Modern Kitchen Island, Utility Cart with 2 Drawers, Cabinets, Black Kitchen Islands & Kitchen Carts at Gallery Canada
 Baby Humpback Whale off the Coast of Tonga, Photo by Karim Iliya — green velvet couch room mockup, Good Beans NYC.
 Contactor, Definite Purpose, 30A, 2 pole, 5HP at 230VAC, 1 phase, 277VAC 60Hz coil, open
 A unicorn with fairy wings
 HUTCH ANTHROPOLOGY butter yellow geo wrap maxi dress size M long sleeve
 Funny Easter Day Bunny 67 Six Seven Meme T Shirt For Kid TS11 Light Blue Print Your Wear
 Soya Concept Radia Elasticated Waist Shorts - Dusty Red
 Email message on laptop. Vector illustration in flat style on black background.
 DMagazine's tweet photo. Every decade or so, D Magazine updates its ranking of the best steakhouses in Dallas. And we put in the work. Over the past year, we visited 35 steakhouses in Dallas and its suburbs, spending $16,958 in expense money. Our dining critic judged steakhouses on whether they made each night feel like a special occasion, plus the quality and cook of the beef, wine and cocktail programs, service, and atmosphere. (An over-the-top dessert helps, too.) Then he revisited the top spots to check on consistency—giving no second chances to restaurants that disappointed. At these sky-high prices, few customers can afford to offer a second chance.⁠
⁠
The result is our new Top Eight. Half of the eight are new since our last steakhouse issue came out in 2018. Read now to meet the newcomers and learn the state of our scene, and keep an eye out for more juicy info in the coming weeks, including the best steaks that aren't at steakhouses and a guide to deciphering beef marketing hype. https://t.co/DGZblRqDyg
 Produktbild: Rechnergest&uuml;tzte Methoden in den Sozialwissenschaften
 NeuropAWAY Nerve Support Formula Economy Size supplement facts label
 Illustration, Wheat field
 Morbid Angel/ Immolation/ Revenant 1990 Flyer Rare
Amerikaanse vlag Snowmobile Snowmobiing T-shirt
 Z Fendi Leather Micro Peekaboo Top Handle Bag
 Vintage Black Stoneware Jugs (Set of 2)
--
## [EXERCISE DIRECTIONS]
Wherever the word "steakhouses" shows up in the material, copy the line it is on.

## [SOLUTION TO THIS EXERCISE]
 DMagazine's tweet photo. Every decade or so, D Magazine updates its ranking of the best steakhouses in Dallas. And we put in the work. Over the past year, we visited 35 steakhouses in Dallas and its suburbs, spending $16,958 in expense money. Our dining critic judged steakhouses on whether they made each night feel like a special occasion, plus the quality and cook of the beef, wine and cocktail programs, service, and atmosphere. (An over-the-top dessert helps, too.) Then he revisited the top spots to check on consistency—giving no second chances to restaurants that disappointed. At these sky-high prices, few customers can afford to offer a second chance.⁠
The result is our new Top Eight. Half of the eight are new since our last steakhouse issue came out in 2018. Read now to meet the newcomers and learn the state of our scene, and keep an eye out for more juicy info in the coming weeks, including the best steaks that aren't at steakhouses and a guide to deciphering beef marketing hype. https://t.co/DGZblRqDyg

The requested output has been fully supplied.